Over the decade I have lived in France I have never seen a social protest movement win their economic objective......Wait, that's not true: in 2015 Francois Hollande gave in to the demands of protesting police even before their protest ended. That was pretty pathetic.
And then we also have the exception of exceptions, the ever-constant Yellow Vests. They have won a small portion of their economic demands - a tiny amount of direct financial relief, no austerity budget in 2020 and preventing the government from privatizing the airports of Paris (at least temporarily).
They won by doing something which was unprecedented in France: protesting, instead of vacationing, over Christmas. They surprised everyone, including me, with their self-sacrifice, which ultimately grew to incredibly admirable proportions due to their steadfastness amid constant repression.
However, Yellow Vests are now being forced into the back seat.
Unions are leading an unlimited, general strike starting on December 5 to try and stop President Emmanuel Macron's radically right-wing pension "reforms".
Will their general strike work?
France's 'independent' unions: if it's good for members, who cares if its bad for the nation?
It's so amazing how very quickly a general strike can win that it's amazing that anyone thinks another tactic in the labor playbook is even required?
But as France's #1 union leader, the CGT's Philippe Martinez, told me years ago: "I don't have a button marked 'general strike' which I can press." LOL, unfortunate but true.
Again, I have never seen a social protest movement in France win their economic objective" unless we are talking about a few union members whom the government bought off with targeted concessions.
The French illustrate why "independent" labor unions might be good for a member but bad for the nation, and also why the world's most truly progressive models don't have labor unions which are independent from their government structure.

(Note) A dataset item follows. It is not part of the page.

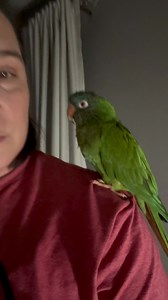🎤💙 Stewie, my Blue Crown Conure with the dirtiest mouth and the freshest beats. He raps, he beatboxes, he sings, he swears, and yes—he told me I suck more than once. Certified good boy with a bad boy reputation. 🚨 Parental advisory: bird’s got bars and a sailor’s vocabulary. #birdbitch #birdsandbeaksnation #parrotsofinstagram #funnybirds #talkingparrot #beatboxingbird #parrotsoftiktok #birdtok #birdlover #parrotlife #exoticbirds #birdvideos #fyp #viralbird | Birds and Beaks Rescue and Rehab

Since 2010 France has seen enormous, broad protest movements against wave after wave of austerity measures, but they have never succeeded in stopping them. The reason is the same old imperial logic - divide and conquer. Time after time I have watched French strikes fail because the government can quite easily give targeted concessions to just a few sectors of the workforce, and even to just a few unions within one sector of the workforce. This always has had the intended result: to reduce strike participation and provoke anger, resentment and selfishness among those who are still striking so that the movement is inevitably abandoned. France, already the land of the evil eye, has only grown more embittered and suspicious over their many failed labor movements during the Great Recession.
The Yellow Vests have totally rejected union involvement until now, and for the reason I have explained: France's unions are self-interested, whereas the Vesters obviously promote self-sacrifice for the national good. Just like France's political groups and NGOs, the unions are fundamentally allied with a corrupt establishment which is geared towards the pro-neo-imperialist 1% and their money-grubbing immorality.
In 1995 right-wing reforms (pushing - you guessed it - right-wing pension rollbacks) lasted three weeks and the government backed down. There were minor goods shortages, and people lost some wages, but national unity against a government's totally unjustified, 1%-enriching policies was easily victorious.